DUCKWORTH: I assume that there are people who would not donate to a charity like Smile Train, anticipating the bombardment over the next year, and by assuring them and giving them that option, you’re just picking those people up that you wouldn’t have gotten. That’s my guess.

DUBNER: That’s a really good explanation. The other explanations that we came up with — one would be the novelty. When’s the last time a charity — or any kind of company, really — offered to never bother you again? So, maybe that alone gets your attention. We thought about candor. Have you ever heard a charity acknowledge what a hassle it is to get all those hassling letters?

DUCKWORTH: Almost empathy. Like, “Wow, you get me.”

DUBNER: Exactly.

DUCKWORTH: “You see me, Smile Train.”

DUBNER: Control maybe? We all like to have control over our destiny.

DUCKWORTH: I do think there’s research showing that, like, give people choices, even if they’re arbitrary choices, they just feel better.

DUBNER: There’s one more explanation we came up with — hard to empirically argue, and I don’t know if you’ll even buy the argument without empirics — but I think one thing that happened here is that this charity, Smile Train, that they kind of changed the frame of the relationship between themselves and their donors. I think what the one-and-done campaign did was really shifted how potential donors felt about this charity. If I get this letter, I’m thinking, “Wow, these are people who are plainly doing something that’s good for the world. But rather than hound me with a hard sell, they’re changing their message. And they’re saying to me, ‘Hey, we know it’s a pain in the neck to get 18 letters a year. Do you think we like having to send out that many letters? It’s really expensive. So, rather than think of us as the adversary that’s wringing money from you, let’s decide that we’re on the same team. We are good people. You are good people. Together, we can conspire to do some good in the world.’” That’s what I mean by shifting the frame of the relationship by making themselves appear more as allies with you, as opposed to trying to milk as much donor money from you as possible.

DUCKWORTH: I like it. I think it’s closely related to just being really empathic, and kind of acknowledging the not-so-great aspects of soliciting charitable donations. I feel like this with public radio and public television campaigns. Sometimes the hosts will kind of turn to the audience and, in so many words, say, “Doesn’t this suck? Doesn’t this just suck that we have to take a 72-hour break from our normal programming? You can end this suffering right now if you would just collectively donate! None of us wanna be here, but all of us would recognize that this is a project that needs money. So, come on. Let’s do it!”

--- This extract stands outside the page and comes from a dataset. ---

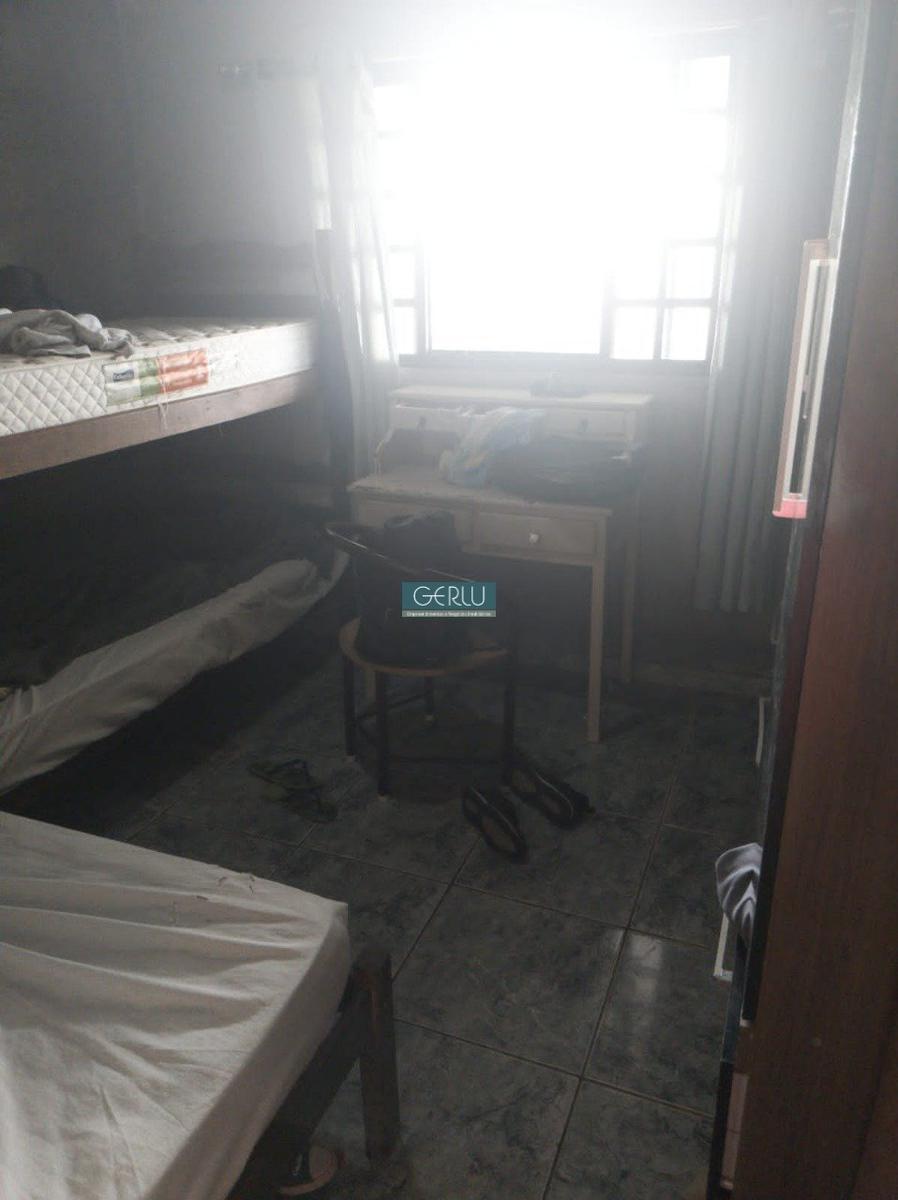 Casa, Bom Retiro, 5 Quartos, 2 Vagas, 1 Suíte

DUBNER: Do that work on you?

DUCKWORTH: Well, we have continuously supported public television, public radio, and a number of different charities. So, it works in the sense that we’re donating. I’m not sure it works in the sense that, like, we wouldn’t donate if they didn’t say those things. It certainly makes me feel better when I have to weather those campaigns. We would probably donate anyway, but it is comforting to know that the terribleness of some of these charity campaigns is acknowledged.

Still to come on No Stupid Questions: Stephen and Angela discuss whether those personalized address labels actually get people to donate.

DUCKWORTH: I appeal to charities, publicly, to stop sending us [BLEEP].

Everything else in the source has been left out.